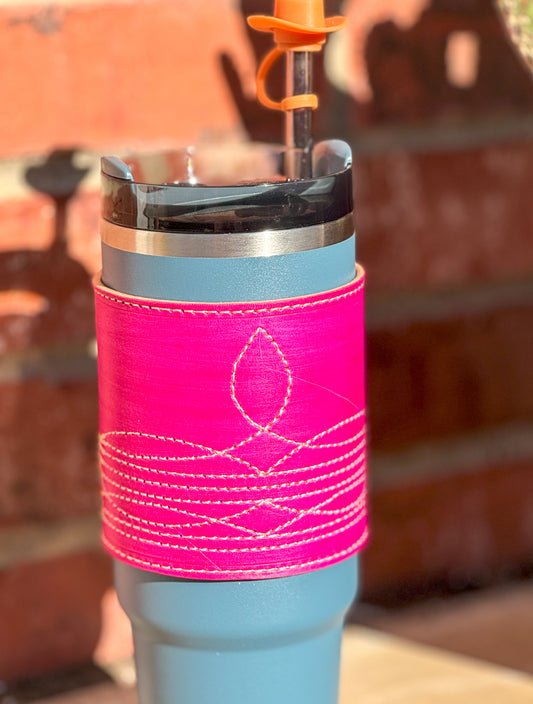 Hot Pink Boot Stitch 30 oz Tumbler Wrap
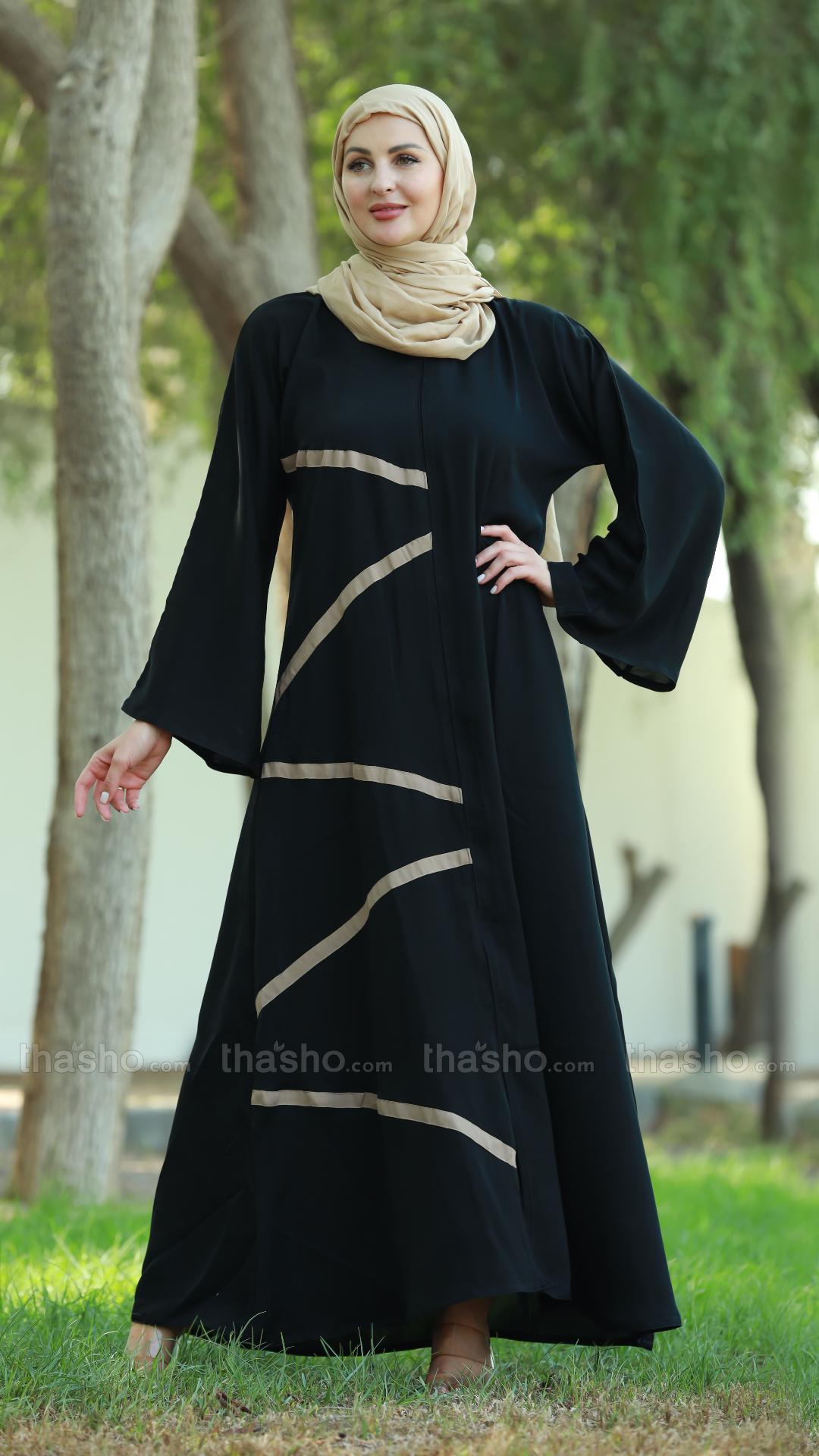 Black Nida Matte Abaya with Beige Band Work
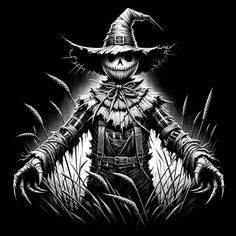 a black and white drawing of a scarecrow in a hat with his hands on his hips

**PROBLEM DESCRIPTION**
A word-for-word copy of all the data is required, minus the pictures.

**OUTPUT FOR THIS EXERCISE**
 Hot Pink Boot Stitch 30 oz Tumbler Wrap
 Black Nida Matte Abaya with Beige Band Work
 a black and white drawing of a scarecrow in a hat with his hands on his hips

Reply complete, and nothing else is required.